High Intensity Interval Training (HIIT) and Tabata

This page is intended to provide background reading on the subject of Tabata training.

HIIT is a form of cardio exercise that has been proven to BURN 9 TIMES MORE FAT than regular cardio IN LESS TIME! HIIT improves performance and produces the quickest and most dramatic changes to your body and cardiovascular system.

HIIT can be applied to strength training, running, circuit training, martial arts and more. It basically means that you perform an exercise like running for example at a very hard intensity with very short rests in between. There are many protocols that you can use.
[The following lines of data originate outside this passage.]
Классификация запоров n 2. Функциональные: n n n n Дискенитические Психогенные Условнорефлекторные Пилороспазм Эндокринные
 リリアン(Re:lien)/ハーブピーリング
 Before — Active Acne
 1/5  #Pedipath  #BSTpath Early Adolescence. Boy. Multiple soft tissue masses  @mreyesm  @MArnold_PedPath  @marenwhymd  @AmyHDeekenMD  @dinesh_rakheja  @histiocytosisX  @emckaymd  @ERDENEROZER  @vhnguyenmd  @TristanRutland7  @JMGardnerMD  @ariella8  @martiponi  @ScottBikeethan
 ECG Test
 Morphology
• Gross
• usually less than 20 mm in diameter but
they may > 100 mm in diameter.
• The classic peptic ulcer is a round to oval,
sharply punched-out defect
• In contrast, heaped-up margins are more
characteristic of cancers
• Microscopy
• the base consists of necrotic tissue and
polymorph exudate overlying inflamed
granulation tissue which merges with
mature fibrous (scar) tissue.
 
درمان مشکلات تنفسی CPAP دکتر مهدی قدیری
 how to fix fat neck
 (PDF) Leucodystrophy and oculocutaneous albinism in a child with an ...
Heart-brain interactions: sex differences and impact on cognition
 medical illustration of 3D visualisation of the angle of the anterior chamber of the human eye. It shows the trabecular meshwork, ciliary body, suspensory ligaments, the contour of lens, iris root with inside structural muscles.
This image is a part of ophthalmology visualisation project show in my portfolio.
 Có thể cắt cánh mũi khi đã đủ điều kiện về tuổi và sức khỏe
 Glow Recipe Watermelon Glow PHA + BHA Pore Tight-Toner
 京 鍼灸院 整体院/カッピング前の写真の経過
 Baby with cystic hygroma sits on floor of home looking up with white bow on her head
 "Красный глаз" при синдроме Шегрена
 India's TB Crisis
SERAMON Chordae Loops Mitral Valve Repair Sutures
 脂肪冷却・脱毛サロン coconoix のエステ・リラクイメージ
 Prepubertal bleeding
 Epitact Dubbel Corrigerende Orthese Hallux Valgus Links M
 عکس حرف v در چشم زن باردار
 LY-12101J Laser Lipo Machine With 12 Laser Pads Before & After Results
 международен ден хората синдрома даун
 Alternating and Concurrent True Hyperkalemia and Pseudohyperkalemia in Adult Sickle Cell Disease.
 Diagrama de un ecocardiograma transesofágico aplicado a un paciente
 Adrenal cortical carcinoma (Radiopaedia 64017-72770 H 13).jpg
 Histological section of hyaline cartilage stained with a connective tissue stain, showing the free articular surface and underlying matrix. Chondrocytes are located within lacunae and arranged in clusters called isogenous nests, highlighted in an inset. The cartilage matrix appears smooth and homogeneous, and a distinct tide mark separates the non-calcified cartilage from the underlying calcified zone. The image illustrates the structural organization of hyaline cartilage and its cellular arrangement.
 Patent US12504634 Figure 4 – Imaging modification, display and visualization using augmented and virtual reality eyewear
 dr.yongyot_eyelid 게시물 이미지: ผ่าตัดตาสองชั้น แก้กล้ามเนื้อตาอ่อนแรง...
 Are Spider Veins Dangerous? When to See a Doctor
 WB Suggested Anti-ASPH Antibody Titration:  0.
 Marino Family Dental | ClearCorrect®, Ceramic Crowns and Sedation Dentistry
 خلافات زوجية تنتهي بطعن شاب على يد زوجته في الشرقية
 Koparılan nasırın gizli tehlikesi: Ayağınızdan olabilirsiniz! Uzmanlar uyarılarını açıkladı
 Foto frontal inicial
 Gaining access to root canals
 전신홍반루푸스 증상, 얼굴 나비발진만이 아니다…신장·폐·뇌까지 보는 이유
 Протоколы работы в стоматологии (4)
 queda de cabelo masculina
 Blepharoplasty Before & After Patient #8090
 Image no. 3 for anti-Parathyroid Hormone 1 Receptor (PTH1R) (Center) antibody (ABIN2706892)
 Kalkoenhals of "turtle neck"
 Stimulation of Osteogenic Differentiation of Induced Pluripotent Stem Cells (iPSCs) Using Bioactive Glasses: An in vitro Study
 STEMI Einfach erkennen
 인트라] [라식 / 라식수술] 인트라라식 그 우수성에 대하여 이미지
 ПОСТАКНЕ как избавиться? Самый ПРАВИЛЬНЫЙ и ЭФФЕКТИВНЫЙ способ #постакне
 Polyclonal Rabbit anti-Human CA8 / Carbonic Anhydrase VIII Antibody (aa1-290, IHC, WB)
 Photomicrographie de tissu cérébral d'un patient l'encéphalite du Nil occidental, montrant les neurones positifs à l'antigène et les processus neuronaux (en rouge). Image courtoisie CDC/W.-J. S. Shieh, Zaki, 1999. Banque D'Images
Dr Tabata from the National Institute of Fitness and Sports in Tokyo, researched and developed what he found to be the most effective protocol. He developed an interval training cycle of 20 seconds of maximum intensity exercise, followed by 10 seconds of rest, repeated without pause 8 times for a total of four minutes. The conclusion was that just four minutes of Tabata interval training could enhance aerobic and anaerobic capacity more than an hour of endurance exercise.

Now 2 things you might be thinking:
4 minutes of exercise can't be that good
Great 4 minutes of exercise is easy and I can't wait to lose all that weight without much effort

Unfortunately you will be wrong on both counts. 4 minutes can be highly effective if done correctly, and if you are fit enough you can try and do up to 5 sets in total. Also in order to gain the benefits of HIIT you must be exercising at maximal intensity from the word GO! That means 10/10 effort. It is lung busting and physically demanding.
You may not have a stopwatch to hand but it doesn't matter. Use your own body clock to time determine your work and rest periods. Try to work for a minimum of 20 seconds and rest either the same amount of time or up to half the amount of time. It will feel like you haven't had enough rest, but the aim is to keep your heart rate high throughout and not to let you recover too much.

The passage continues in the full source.